モノ
2020.10.22 THU.
さまざまな思いや願いが込められた「タナカーナ」のモノづくり。
今シーズンよりスタートし、“Timeless,Ageless,Nameless,Artless”をコンセプトに、デイリーユースしやすいウェアを展開している〈Tanacana(タナカーナ)〉。カジュアルウェアを提案する日本のブランド〈アメリカーナ〉のデザイナー・小嶋 浩氏、〈丸紅ファッションリンク〉の庵 誠氏、〈ユナイテッドアローズ グリーンレーベル リラクシング(以下GLR)〉のウィメンズディレクター・田中 安由美氏の3名に、誕生秘話や、アイテムへのこだわり、モノづくりに込めた熱い思いなどを聞きました。
Photo:Keisuke Nakamura
Text:Shoko Matsumoto
ブルーサージコットンと、それぞれのサステナブル。
左からアメリカーナ デザイナーの小嶋 浩さん、ユナイテッドアローズ グリーンレーベル リラクシング ウィメンズディレクターの田中 安由美さん、丸紅ファッションリンク㈱ブランドマーケティング部営業第一課の庵 誠さん。
ー<タナカーナ>誕生に至った経緯を教えてください。
庵:弊社で取り扱っているインドのオーガニックコットン「ブルーサージコットン」を使ってなにかプロジェクトを始められないかと思っていて。それを昨年からお付き合いのあったGLRの田中さんに相談したところ、賛同してくださったんです。そしてもともとお付き合いのあった〈アメリカーナ〉の小嶋さんも紹介して、みんなを巻き込んでいった感じです。
田中:ブルーサージコットンを使いたいということを、最初の提案の段階でおっしゃっていました。小嶋さんのほうでも、普段〈アメリカーナ〉で使われてる素材と少しテンションが違って気に入られているという話を聞いていたので楽しみでした。個人的にもブランドとして〈アメリカーナ〉が好きで、他社との別注やビューティ&ユース ユナイテッドアローズの別注を見て、ぜひご一緒したいと思っていました。
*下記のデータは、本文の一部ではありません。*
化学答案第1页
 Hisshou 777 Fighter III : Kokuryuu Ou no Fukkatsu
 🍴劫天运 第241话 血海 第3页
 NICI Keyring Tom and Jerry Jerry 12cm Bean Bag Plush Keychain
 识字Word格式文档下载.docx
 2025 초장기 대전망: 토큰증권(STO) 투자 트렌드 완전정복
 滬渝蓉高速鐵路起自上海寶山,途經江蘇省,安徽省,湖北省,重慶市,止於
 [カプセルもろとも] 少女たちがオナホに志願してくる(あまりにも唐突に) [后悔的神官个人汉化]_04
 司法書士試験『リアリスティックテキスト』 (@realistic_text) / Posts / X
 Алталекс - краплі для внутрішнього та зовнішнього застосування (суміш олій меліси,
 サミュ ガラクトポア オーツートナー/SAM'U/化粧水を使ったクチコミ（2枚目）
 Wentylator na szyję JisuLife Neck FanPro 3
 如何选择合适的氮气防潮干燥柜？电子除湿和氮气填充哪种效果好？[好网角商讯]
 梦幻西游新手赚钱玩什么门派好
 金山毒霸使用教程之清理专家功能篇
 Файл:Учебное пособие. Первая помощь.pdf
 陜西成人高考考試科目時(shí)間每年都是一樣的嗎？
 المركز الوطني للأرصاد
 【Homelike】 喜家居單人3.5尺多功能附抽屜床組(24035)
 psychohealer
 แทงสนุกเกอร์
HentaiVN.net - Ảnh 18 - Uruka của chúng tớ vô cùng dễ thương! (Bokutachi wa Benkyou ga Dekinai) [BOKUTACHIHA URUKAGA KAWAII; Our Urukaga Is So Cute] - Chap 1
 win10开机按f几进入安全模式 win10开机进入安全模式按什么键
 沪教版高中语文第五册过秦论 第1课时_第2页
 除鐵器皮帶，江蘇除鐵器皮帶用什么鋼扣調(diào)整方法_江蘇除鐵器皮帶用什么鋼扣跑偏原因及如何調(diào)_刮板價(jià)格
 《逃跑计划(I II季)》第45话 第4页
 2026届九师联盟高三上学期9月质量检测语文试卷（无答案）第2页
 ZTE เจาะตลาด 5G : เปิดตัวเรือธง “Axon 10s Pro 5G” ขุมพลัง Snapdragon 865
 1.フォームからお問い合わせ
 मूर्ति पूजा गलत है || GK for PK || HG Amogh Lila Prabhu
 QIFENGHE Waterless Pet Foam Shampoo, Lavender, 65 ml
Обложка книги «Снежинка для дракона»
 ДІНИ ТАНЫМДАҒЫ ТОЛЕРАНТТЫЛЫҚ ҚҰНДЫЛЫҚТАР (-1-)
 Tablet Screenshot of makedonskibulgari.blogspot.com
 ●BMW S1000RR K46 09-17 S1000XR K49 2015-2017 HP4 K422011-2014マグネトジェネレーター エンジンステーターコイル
小嶋:実は、最初僕は断ろうと思っていたんです。新しいブランドをひとつ追加するような感覚で田中さんのところに提案するんだったら、自分のブランドの展示会の準備もあるし、ありがたいことにほかの別注の話もいただいて時間もなかったし。それにもうひとつブランド追加となると、どうしても僕がやるので、結局同じような提案しかできないんじゃないかと思って自信もありませんでした。でも、そんなときに庵さんが「僕には夢があります」と…。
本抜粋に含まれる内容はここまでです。